2006-07-18 Thread Rusty Conover


On Jul 18, 2006, at 6:22 AM, Gavin Sherry wrote:


On Tue, 18 Jul 2006, Rusty Conover wrote:


Hi,

It would seem that doing any changes on a temp table forces a copy of
the entire contents of the table to be retained in memory/disk. Is
this  happening due to MVCC?  Is there a way to change this behavior?
It could be very useful when you have really huge temp tables that
need to be updated a few times before they can be dropped.


This is caused by our MVCC implementation. It cannot be easily  
changed. We

rely on MVCC for two things: concurrency and rolling back of aborted
commands.
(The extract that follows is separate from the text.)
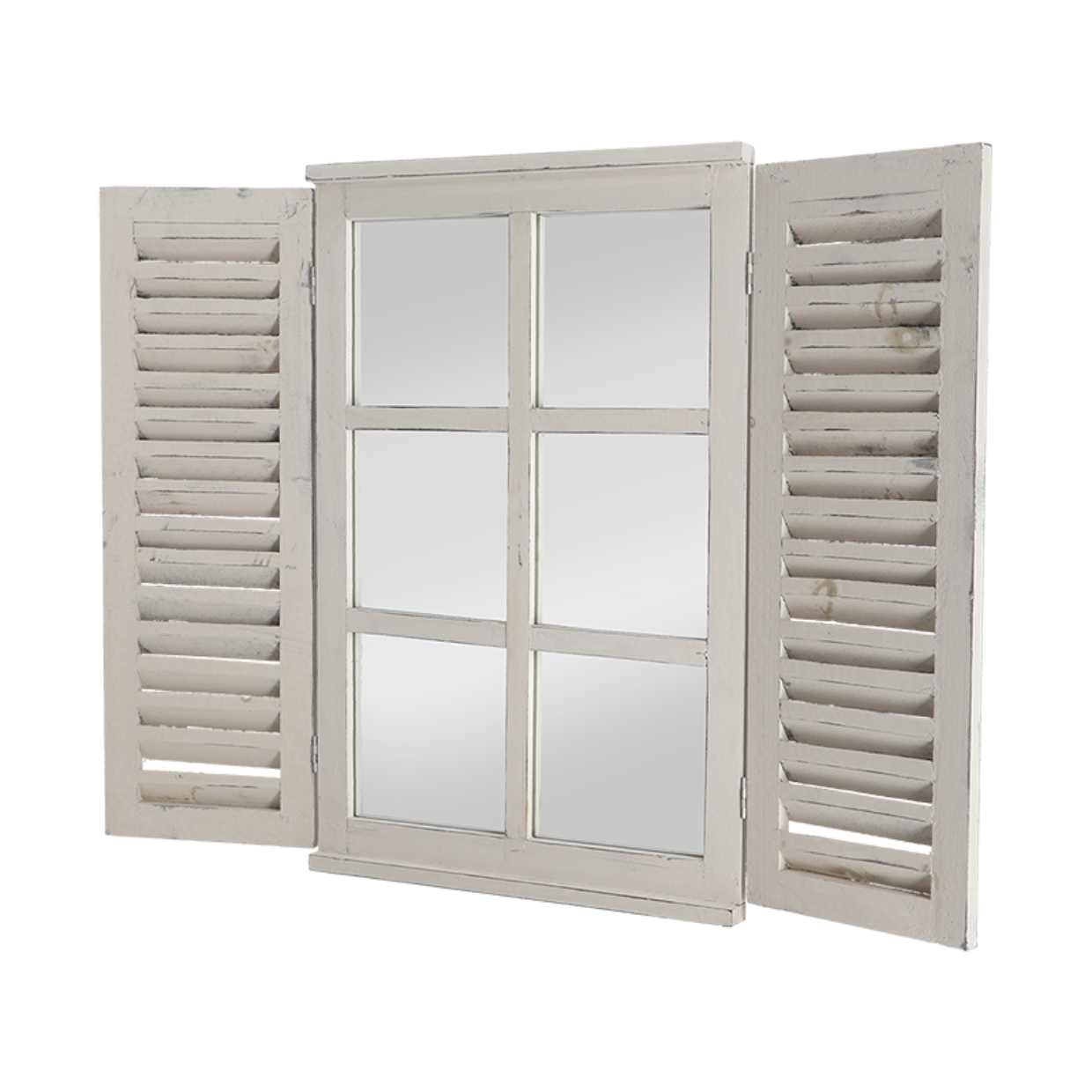 Esschert Design Spiegel Raam Met Luiken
Without the latter, we couldn't support the following  
trivially:


template1=# create temp table bar (i int);
CREATE TABLE
template1=# begin;
BEGIN
template1=# insert into bar values(1);
INSERT 0 1
template1=# abort;
ROLLBACK
template1=# select * from bar;
 i
---
(0 rows)

It would be nice if we could special case temp tables because of  
the fact

that concurrency does not come into the equation but I cannot see it
happening without a generalised overwriting MVCC system.

The only alternative in the mean time is to vacuum your temporary  
table(s)

as part of your interaction with them.


I forgot to add in my original post that the temporary tables I'm  
dealing with have the on commit drop flag, so really persisting  
beyond the transaction isn't needed.   But I don't think that makes  
any difference, because of savepoints' required functionality.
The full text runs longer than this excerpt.